8 shot, 2 fatally, in Chicago ThursdaySun-Times Wireon July 16, 2021 at 10:34 am

Two people were killed and at least six others wounded in shootings citywide Thursday.

A 27-year-old man was shot and killed while riding a Divvy bicycle in Gresham on the South Side.

A gunman approached on foot and shot the man in the 7700 Block of South Seeley Avenue around 2:40 p.m., Chicago Police said. He was struck several times and taken to Christ Medical Center in Oak Lawn, where he died, police said.

Another man was fatally shot early Thursday in Lawndale on the West Side — the second person killed in the neighborhood in less than a day.

Officers responding to calls of gunfire found him lying next to a vehicle around 2:40 a.m. in the 1400 block of South Avers Avenue, police said.

Anthony Patrick, 25, had gunshot wounds to his chest and neck, police and the Cook County medical examiner’s office said. He was taken to Mount Sinai Hospital, where he was pronounced dead.

In nonfatal shootings, a 19-year-old man was wounded in an attack in Brainerd on the South Side.

The man was walking about 9:40 p.m. in the 9300 block of South Elizabeth Street when two male suspects got out of a gray Toyota and fired shots, police said. He was struck in the leg and suffered graze wounds to the face and chest, police said. Paramedics transported him to Christ Medical Center in Oak Lawn in good condition.

A 22-year-old man was shot in Stoney Island Park on the South Side.

He was outside in the 8300 block of South Constance Avenue about 9:25 p.m. when he heard several shots and felt pain, police said.

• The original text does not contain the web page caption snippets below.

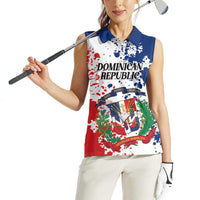 Personalized Dominican Republic Restoration Day Women Sleeveless Polo Shirt Coat Of Arms Flag Colors - Wonder Print Shop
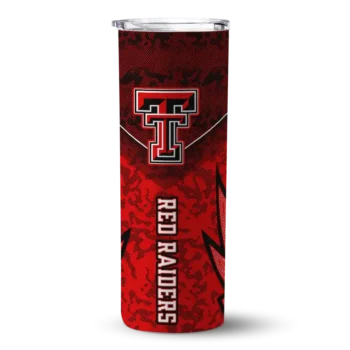 Custom Texas Tech Red Raiders Spiral Burst Print Red Skinny Tumbler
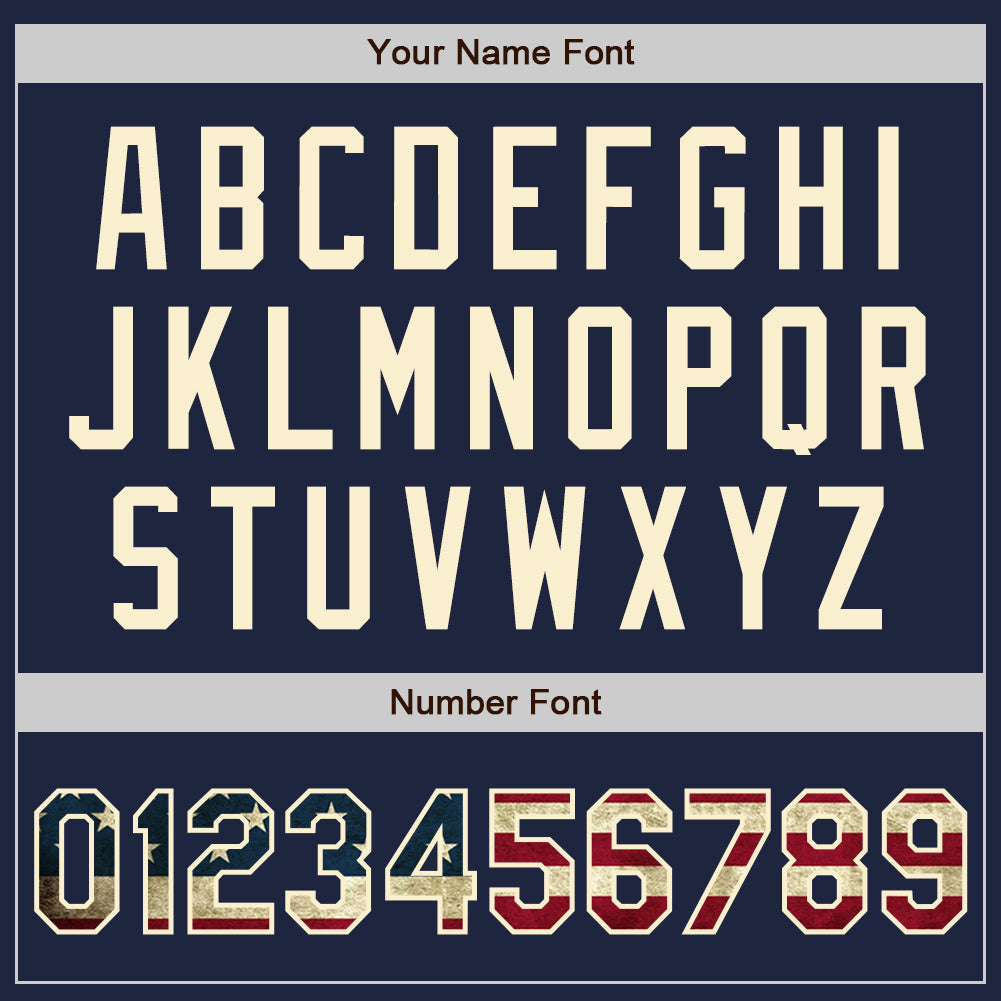 Custom Navy Vintage USA Flag-Cream Two-Button Unisex Softball Jersey Limited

He was struck in the buttocks and taken to Trinity Hospital in good condition.

Another man was shot Friday evening near the Robert Taylor Homes.

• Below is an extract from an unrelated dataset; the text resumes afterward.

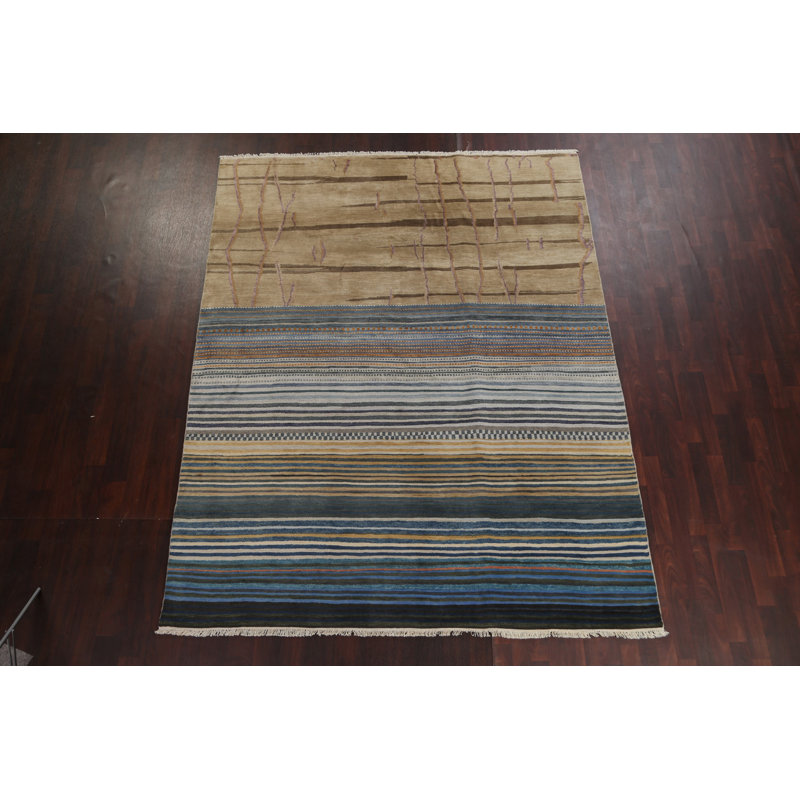 One-of-a-Kind 7'9" X 9'10" New Age Wool Area Rug in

About 7 p.m., the 20-year-old was walking outside in the 4300 block of South State Street when he was shot by someone in a dark-colored vehicle, police said. He suffered a gunshot wound to the shoulder and was taken to the University of Chicago Medical Center in good condition.

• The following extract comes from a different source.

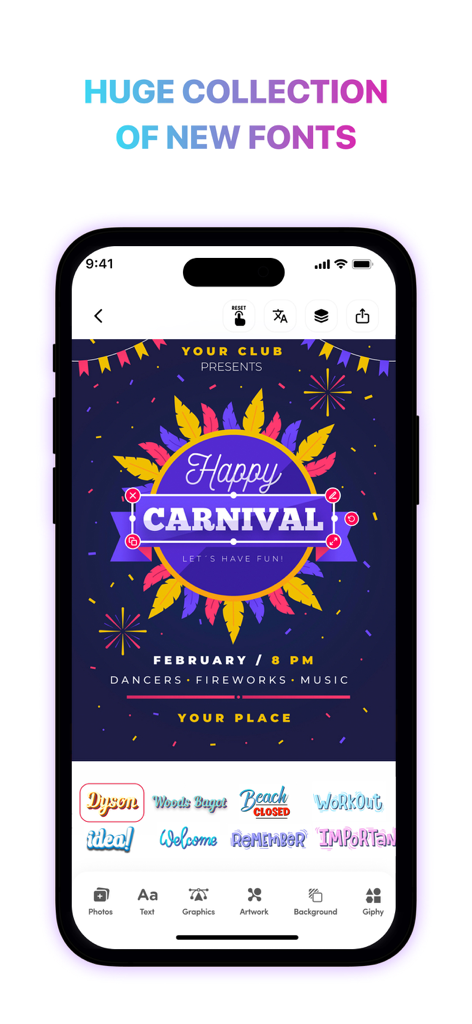 Mobile app interface showing a colorful carnival poster being edited with a large selection of unique fonts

Thursday afternoon, a 22-year-old man was shot in Avalon Park on the South Side.

He was walking down the street about 1:30 p.m. in the 7900 block of South Kimbark Avenue when a dark-colored SUV approached, called his name, then exited and fired shots, police said. The man was struck in the right side of the body and taken to the University of Chicago Medical Center in good condition, police said.

Two women were shot early Thursday morning during a fight in Humboldt Park on the Northwest Side.

About 2:55 a.m., the women, 22 and 25, were at a party in the 3800 block of West Chicago Avenue when they were shot after a male fired shots during a fight, police said. One of the women was standing outside and the other was inside when shots were fired.

The 22-year-old woman was struck in the leg and the older woman was struck in the thigh, police said. They were both taken to Stroger Hospital, where they are in good condition.

Two people were killed and 27 others were wounded by gunfire in Chicago Wednesday, a day that saw two mass shootings, one in Gresham and the other in West Garfield Park.